What is expected: With pictures excluded, give again exactly the lines running from the one holding "Aretes Para Dama Rojo Pasión Brillante Mate" through the end of the listing below.

Exercise data:
══════

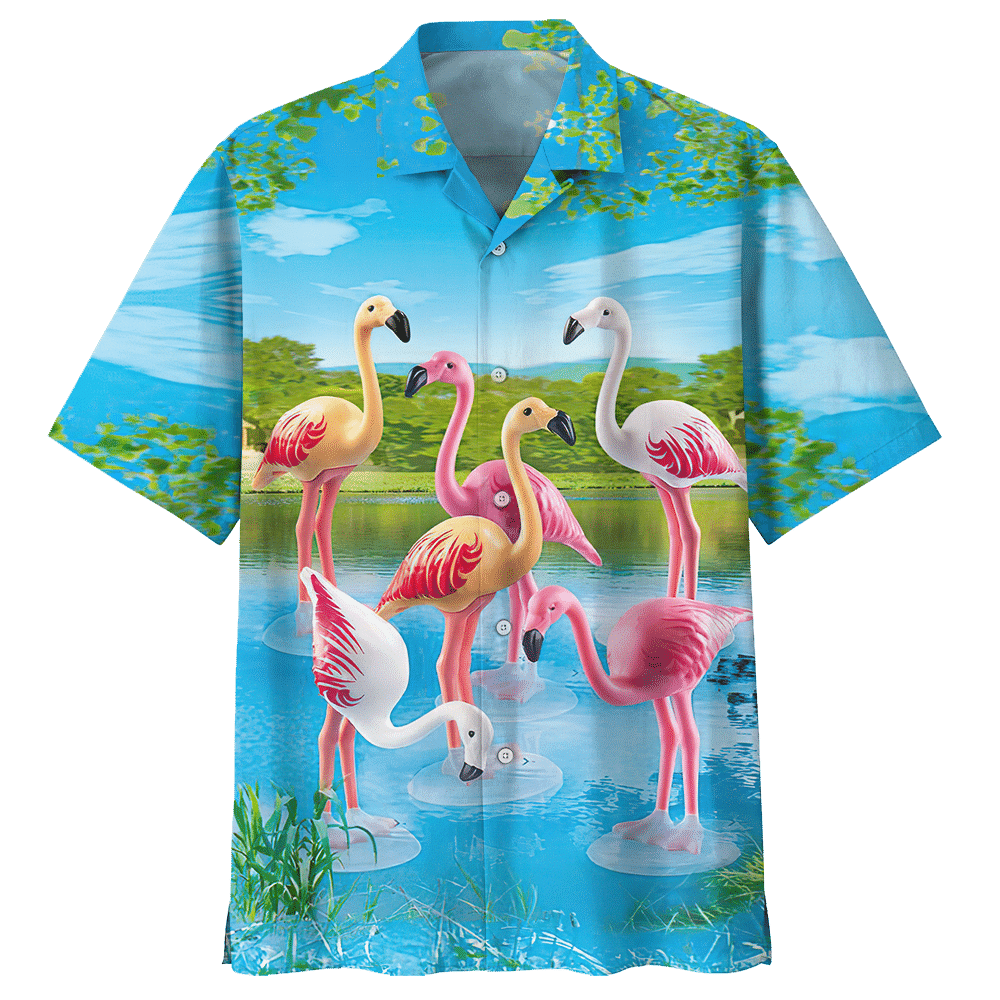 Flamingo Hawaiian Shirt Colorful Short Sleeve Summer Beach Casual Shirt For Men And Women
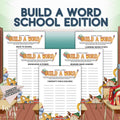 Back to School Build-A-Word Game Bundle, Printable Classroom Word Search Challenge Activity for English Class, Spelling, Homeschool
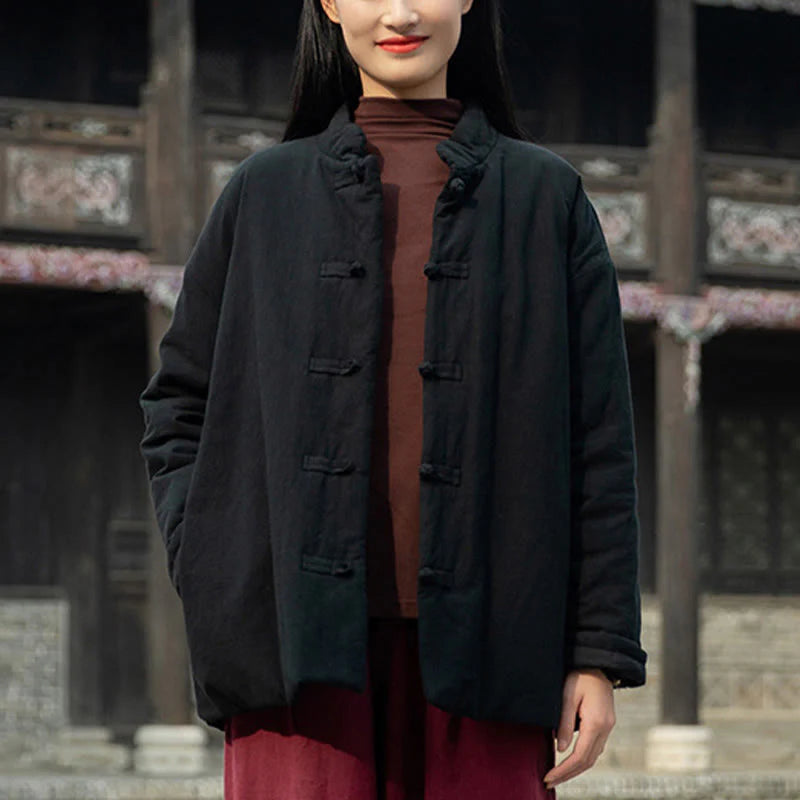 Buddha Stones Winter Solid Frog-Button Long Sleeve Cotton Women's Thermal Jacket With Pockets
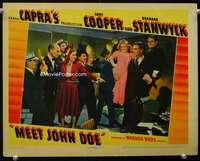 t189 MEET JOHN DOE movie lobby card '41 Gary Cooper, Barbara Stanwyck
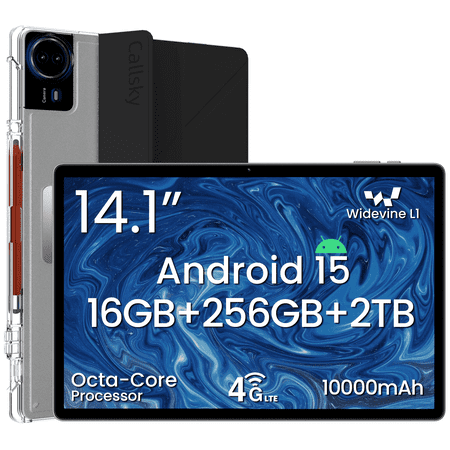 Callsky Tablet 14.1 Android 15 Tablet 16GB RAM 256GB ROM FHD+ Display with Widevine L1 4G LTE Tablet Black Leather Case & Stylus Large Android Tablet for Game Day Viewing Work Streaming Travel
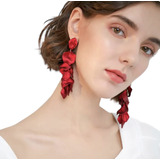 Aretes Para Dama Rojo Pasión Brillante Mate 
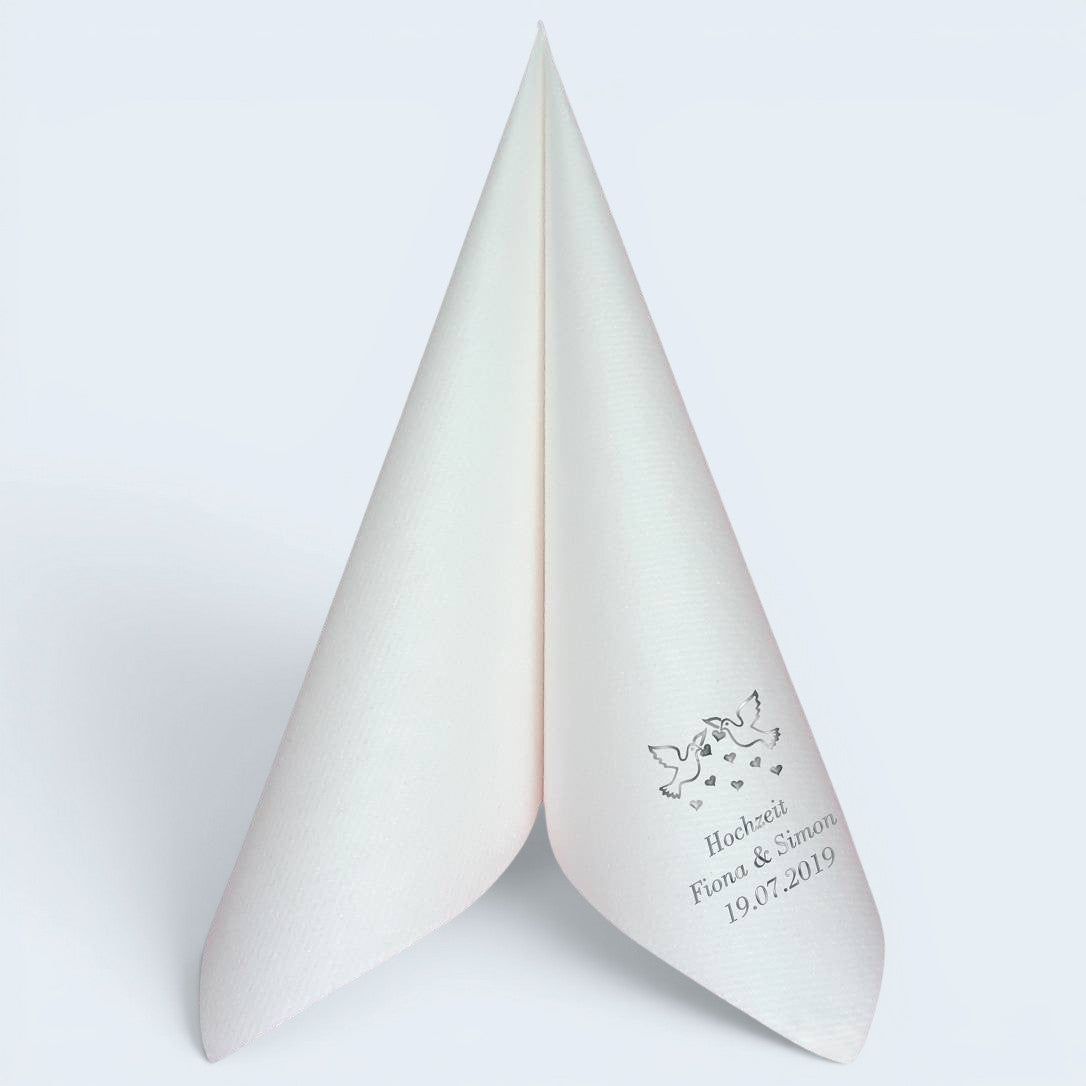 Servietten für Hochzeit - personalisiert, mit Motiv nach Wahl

══════

Answer space:
 Aretes Para Dama Rojo Pasión Brillante Mate 
 Servietten für Hochzeit - personalisiert, mit Motiv nach Wahl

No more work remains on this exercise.